The good news – Rex is potty trained.

The bad news – “potty trained” is a relative term.

I am also pleased to report that after six days sequestered in my house, I finally made it outside today. I am not one of those people who can survive being confined in one small space without other people to laugh with. I was kind of going insane. It’s okay to laugh at yourself, but when you’re standing in the kitchen all alone cackling like a crazy woman, it’s just not the same. I’m also happy to report that today I used shampoo and toothpaste, such an improvement.

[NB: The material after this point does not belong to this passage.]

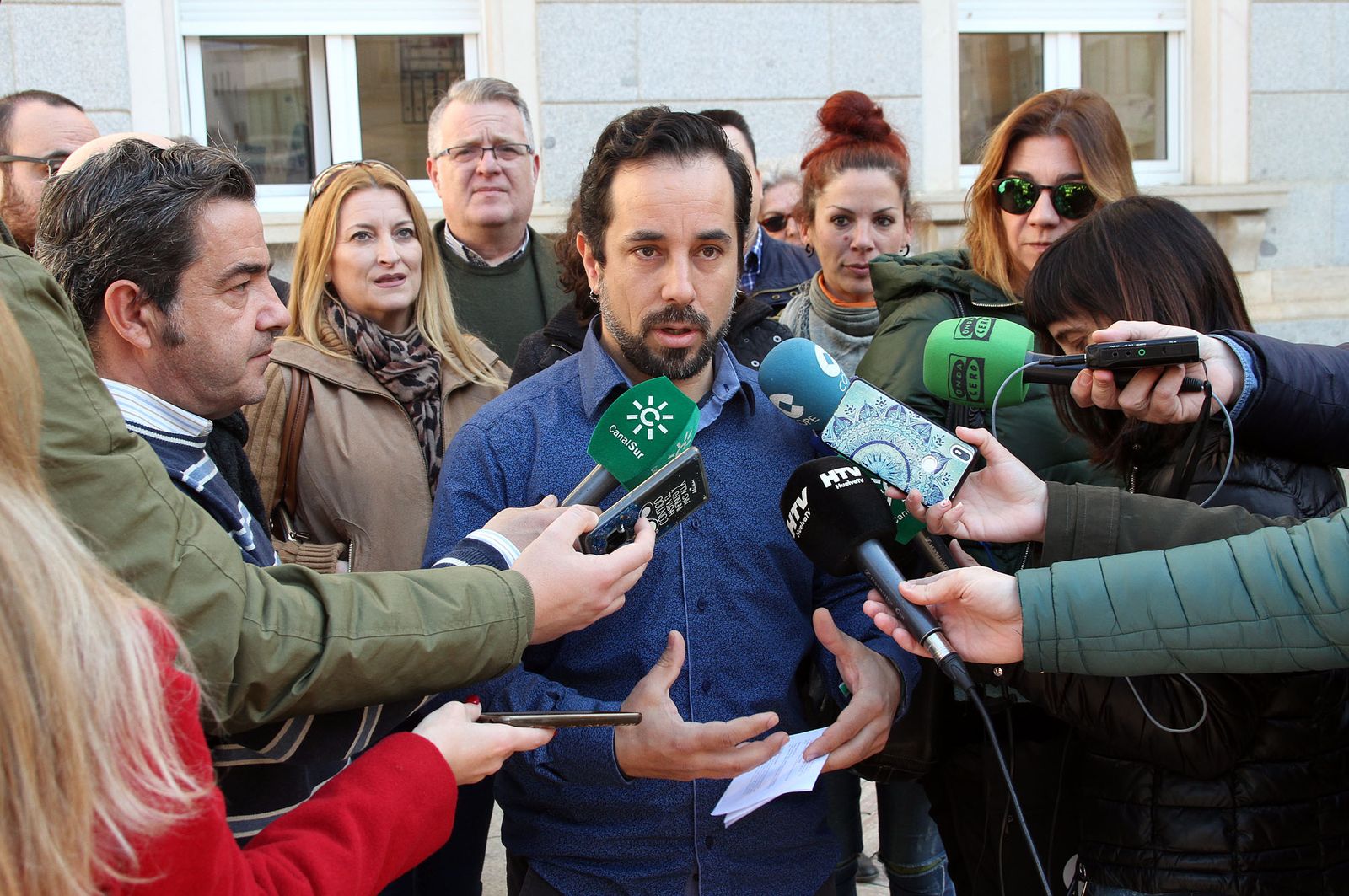 Jesús Amador, atendiendo a los medios.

Now I’m off to the doctor with a sick baby (yes, I know it’s late). I think the flu shot is a hoax.


  1. Yay for Rex being potty trained! I think Ally is completely done. I’m happy. Only minor leaks from my girl.

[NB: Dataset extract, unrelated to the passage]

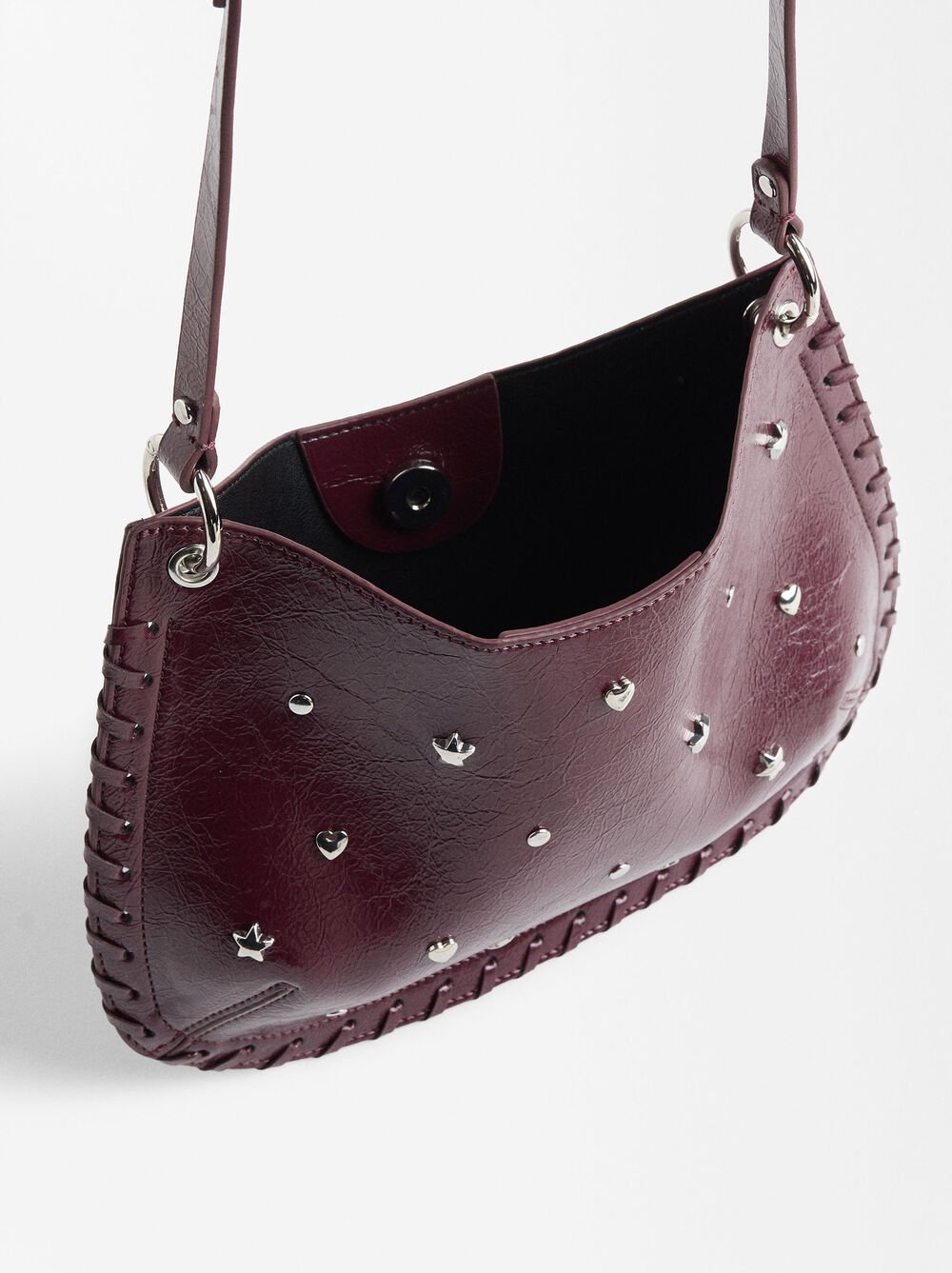 Sac à épaule avec clous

    Hey, I have a couple of questions about your salami diet. Did you use deli salami or the tube salami?

    And do you have trouble with your gall bladder on this diet?

  2. I brushed my teeth today too!! Gosh we are on a roll together!

  3. Poor baby. Not your sick baby. You. Stuck in the house with toilet training and vomit? Sounds like you need a long visit to a restaurant (without buying anything) and some good book-talk. Hope everyone feels better!

  4. Um, and thanks for the ad right over there. That’s a lovely thing!


    (My 13-year-old showed me that – it’s a kiss. Scary? You betcha.)

  5. I didn’t brush my teeth today….I’ll turn my head as I post this comment.

  6. I got the shampoo thing done….toothpaste….nope. And flu shots are just syringes filled with spit, or water, or that one kind of koolaid that has no coloring in it. Basically, they’re useless.

  7. Three cheers to your getting outside. Three cheers on the potty training . and Three cheers on the shampoo and toothpaste —you have making great strides here Annie girl. Hope baby starts feeling well soon.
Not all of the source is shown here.